Lyle School of EngineeringThe Innovation Gym in SMU’s Lyle School of Engineering was buzzing and clanking on a recent morning as students tested robots they built for a specific task — collecting and remediating water samples.

The strong work dynamic among members of the first-year design class and their embrace of the inter-disciplinary team approach has drawn the attention of the Center For Creative Leadership.

Interdisciplinary approach teaches soft skills like cooperation and communication across disciplines and genders

The Innovation Gym in SMU’s Lyle School of Engineering was buzzing and clanking on a recent morning as students tested robots they built for a specific task — collecting and remediating water samples. Lyle faculty and students have been doing the water work by hand in refugee camps in Africa and Bangladesh.

The strong work dynamic that emerged among members of the first-year design class and their embrace of the inter-disciplinary team approach used to teach it has drawn the attention of the Center For Creative Leadership, which will send a team of researchers to SMU Lyle in fall 2013 to study the student techniques.

What the team gleans from observing the SMU course could foster new tools and processes that can benefit organizations and educational institutions around the country.

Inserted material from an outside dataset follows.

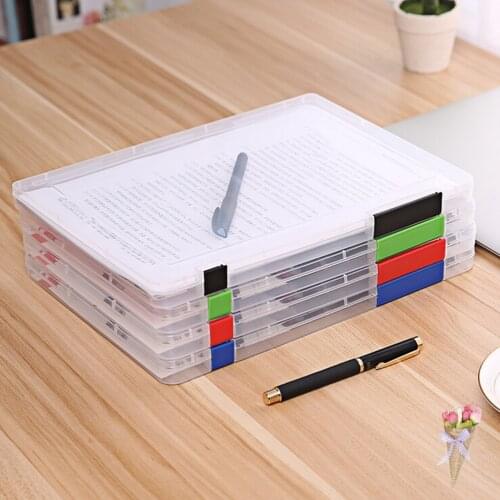 Hot A4 Papers Office Files Document Contract Transparent Storage Box Clear Plastic Paper Filling Case Buckled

“I had a chance to visit the Lyle School in February and see first-hand the innovative structure of the first-year design course,” said Kristin Cullen, faculty researcher with CCL’s Research, Innovation and Product Development Group. “Using student teams – really cross-functional teams – and having them work on a very intense project really does mirror the type of environment students will be in when they leave college and enter the workplace.”

“They are using what we would call agile work processes.” Cullen said. “We’re very interested in working with the Lyle School to learn about the relationships and the networks these students develop over the course of their project to learn what makes them successful as a team and as individuals in the course. The plan moving forward is to share what we find with other universities.”

Cullen expects that her team will provide feedback to the students and teachers throughout the fall, but says they will also return at the end of the semester to show the SMU Lyle students what they have learned from observing them.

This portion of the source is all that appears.